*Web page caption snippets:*
*** Begin section ***

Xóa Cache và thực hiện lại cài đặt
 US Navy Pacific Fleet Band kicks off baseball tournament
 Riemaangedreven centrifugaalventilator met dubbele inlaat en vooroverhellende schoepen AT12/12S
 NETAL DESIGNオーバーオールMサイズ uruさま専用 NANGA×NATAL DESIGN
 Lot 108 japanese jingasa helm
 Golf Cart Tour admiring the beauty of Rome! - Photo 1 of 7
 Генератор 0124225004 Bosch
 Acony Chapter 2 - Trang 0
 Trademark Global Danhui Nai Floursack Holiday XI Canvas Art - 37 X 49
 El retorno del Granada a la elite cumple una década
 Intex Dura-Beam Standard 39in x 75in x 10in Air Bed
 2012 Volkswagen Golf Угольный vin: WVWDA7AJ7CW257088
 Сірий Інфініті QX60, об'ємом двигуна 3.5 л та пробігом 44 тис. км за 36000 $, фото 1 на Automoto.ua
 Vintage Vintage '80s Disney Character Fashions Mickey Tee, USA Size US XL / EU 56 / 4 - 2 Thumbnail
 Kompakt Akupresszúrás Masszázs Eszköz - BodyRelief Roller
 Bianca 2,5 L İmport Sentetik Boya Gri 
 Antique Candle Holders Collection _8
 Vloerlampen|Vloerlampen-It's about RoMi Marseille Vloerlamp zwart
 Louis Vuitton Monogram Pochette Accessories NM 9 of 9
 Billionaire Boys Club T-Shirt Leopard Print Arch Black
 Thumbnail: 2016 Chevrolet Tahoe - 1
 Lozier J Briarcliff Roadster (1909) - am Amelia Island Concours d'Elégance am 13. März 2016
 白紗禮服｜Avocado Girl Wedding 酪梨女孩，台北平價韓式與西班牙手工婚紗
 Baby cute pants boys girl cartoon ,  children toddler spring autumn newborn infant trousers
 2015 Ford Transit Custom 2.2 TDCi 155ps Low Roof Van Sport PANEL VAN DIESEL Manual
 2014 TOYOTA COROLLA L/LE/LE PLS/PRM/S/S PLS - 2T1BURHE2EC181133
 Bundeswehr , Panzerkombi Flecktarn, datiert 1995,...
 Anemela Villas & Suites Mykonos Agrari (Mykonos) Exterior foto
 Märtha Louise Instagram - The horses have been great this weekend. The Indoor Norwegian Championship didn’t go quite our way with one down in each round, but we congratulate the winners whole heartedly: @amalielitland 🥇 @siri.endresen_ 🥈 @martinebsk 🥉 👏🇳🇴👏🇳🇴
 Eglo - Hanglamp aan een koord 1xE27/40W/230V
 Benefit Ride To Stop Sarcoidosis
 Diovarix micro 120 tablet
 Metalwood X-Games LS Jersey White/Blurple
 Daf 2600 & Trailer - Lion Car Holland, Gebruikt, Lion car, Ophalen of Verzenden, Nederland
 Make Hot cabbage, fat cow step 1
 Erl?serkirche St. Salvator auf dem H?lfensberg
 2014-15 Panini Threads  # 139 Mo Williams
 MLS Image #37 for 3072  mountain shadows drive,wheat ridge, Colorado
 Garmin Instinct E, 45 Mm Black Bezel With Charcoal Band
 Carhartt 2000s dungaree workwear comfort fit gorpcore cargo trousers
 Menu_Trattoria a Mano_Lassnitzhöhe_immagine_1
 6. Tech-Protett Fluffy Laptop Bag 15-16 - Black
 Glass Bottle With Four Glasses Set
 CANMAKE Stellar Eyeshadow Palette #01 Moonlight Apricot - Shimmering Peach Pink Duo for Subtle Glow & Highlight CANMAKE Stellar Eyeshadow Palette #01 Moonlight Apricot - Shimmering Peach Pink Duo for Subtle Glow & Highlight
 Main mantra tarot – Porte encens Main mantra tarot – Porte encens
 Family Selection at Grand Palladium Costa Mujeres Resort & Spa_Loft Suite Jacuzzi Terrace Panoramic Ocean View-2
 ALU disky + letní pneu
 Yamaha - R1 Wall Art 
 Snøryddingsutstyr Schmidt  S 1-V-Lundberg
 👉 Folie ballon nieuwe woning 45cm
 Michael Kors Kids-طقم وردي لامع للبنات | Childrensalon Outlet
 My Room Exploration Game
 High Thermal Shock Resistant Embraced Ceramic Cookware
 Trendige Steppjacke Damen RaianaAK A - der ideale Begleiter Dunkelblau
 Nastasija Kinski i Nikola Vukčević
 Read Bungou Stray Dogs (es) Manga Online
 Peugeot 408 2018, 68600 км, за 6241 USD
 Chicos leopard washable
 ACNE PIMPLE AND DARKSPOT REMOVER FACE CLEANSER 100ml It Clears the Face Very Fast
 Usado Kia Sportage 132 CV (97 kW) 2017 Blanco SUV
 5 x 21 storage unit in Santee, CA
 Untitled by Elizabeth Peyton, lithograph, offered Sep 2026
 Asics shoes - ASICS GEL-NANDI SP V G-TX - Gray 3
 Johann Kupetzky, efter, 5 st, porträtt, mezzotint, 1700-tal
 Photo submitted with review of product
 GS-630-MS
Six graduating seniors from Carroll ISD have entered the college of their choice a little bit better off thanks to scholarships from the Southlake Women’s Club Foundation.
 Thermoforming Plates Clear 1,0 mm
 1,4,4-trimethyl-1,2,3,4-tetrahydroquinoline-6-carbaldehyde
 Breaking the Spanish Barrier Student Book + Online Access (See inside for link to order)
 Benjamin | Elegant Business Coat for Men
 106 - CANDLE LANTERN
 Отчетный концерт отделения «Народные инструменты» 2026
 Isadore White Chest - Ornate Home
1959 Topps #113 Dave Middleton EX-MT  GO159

*** End section ***

*HOW TO COMPLETE THIS TASK:* Lines with "White" in them are what the answer must contain; copy each from the records above.

*EXPECTED ANSWER:*
 Metalwood X-Games LS Jersey White/Blurple
 Isadore White Chest - Ornate Home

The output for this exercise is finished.